Die Firma HygCen kontrolliert Medizinprodukte. „Wir sind ein akkreditiertes Prüfinstitut und agieren für Herstellerfirmen weltweit“, so Geschäftsführer Dr. Sebastian Werner, selbst Mediziner. Wobei die meisten Geschäftspartner in Europa und in den so genannten Schwellenländern ansässig seien. In den Schweriner Labors werde zum Beispiel die physikalische Festigkeit sowie der Widerstand gegen das Durchdringen von Flüssigkeiten und Mikroorganismen von OP-Abdeckmaterial getestet. Auch gehe es beispielsweise um den unbedenklichen und hygienisch sicheren Einsatz von Implantaten. Ebenso um die wirksame Reinigung und Desinfektion von Medizinprodukten.

Doch vor der Sanierung muss der landeseigene Baubetrieb BBL noch ein neues Domizil für das Landesamt errichten. Der Auszug soll bis Ende 2020 erledigt sein. Bis dahin sind Dr. Werner und seinem HygCen-Team zumindest am Hauptgebäude die Hände gebunden. Doch Pläne für die Zukunft hat der Unternehmer, der für seine Firma nach der Sanierung „höchstens die Hälfte des Platzes“ benötige. Gut 3000 Quadratmeter Fläche gäbe es allein im Hauptgebäude. Hinzu kommen Nebenbereiche. So könnte er sich vorstellen, auch öffentliche Angebote mit neuen Mietern zu unterbreiten, wie ein Café und eine Apotheke. Der Stadtteil habe sich als Wohnstandort in den zurückliegenden Jahren gut entwickelt. Solche Angebote vorzuhalten, trage zur Erhöhung der Lebensqualität mit kurzen Wegen bei, ist sich Dr. Werner sicher.

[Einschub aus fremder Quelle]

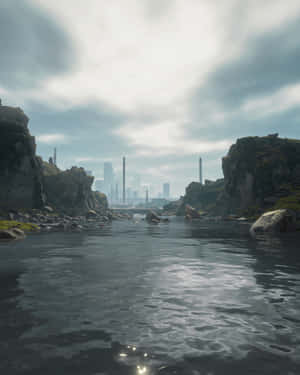 Um rio flui entre falésias rochosas em direção a uma cidade futurista distante sob um céu nublado. — Death Stranding 1920x1080 Papéis de Parede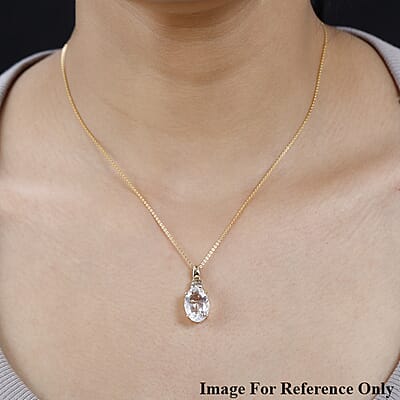 Luxoro 10K Yellow Gold Premium Mexican Hyalite Opal and G-H I2 Diamond Pendant without Chain with Free UV Flash Light 4.40 ctw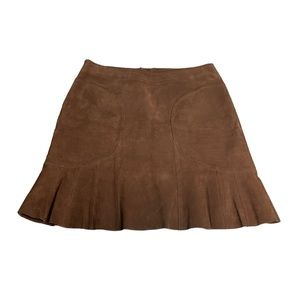 Vintage Margaret Godfrey Genuine Leather Brown Midi Skirt Suede Fit & Flare 12P
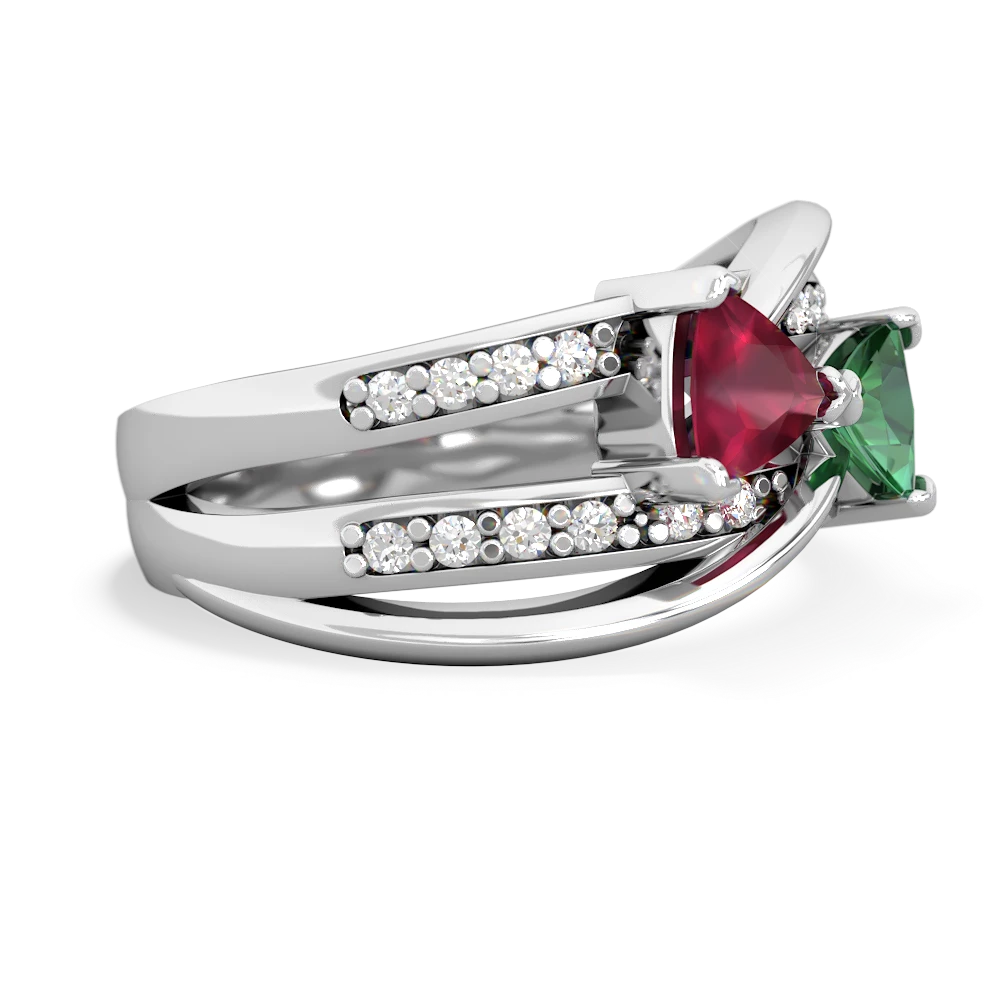 Ruby Bowtie 14K White Gold ring R2360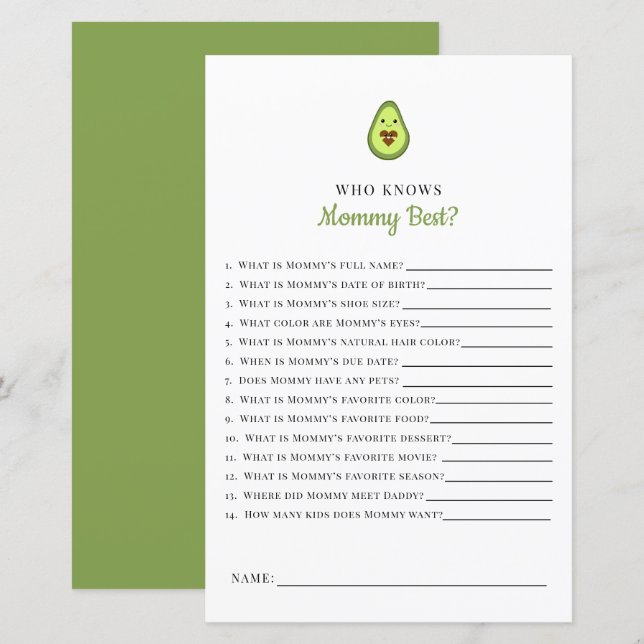 Kawaii Avocado Baby Shower Game Who Knows Mommy  (Front/Back)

Zeit, solche Mieter zu finden, hat Dr. Werner zu seinem Bedauern reichlich. Denn HygCen mit seinen aktuell mehr als 30 Mitarbeitern wächst weiter und braucht gute Arbeitsbedingungen. Doch bis es die geben kann, stehen für den Mediziner eben Sanierungspläne und Bauanträge auf der Tagesordnung. Denn eines ist auch klar: Parkplätze wird es am Denkmal später mehr geben müssen als jetzt. Die Erfahrung vergangener Jahre zeigt, dass die unternehmerische Notwendigkeit nicht spontan mit den Interessen der Stadtplaner und Denkmalpfleger im Einklang sind.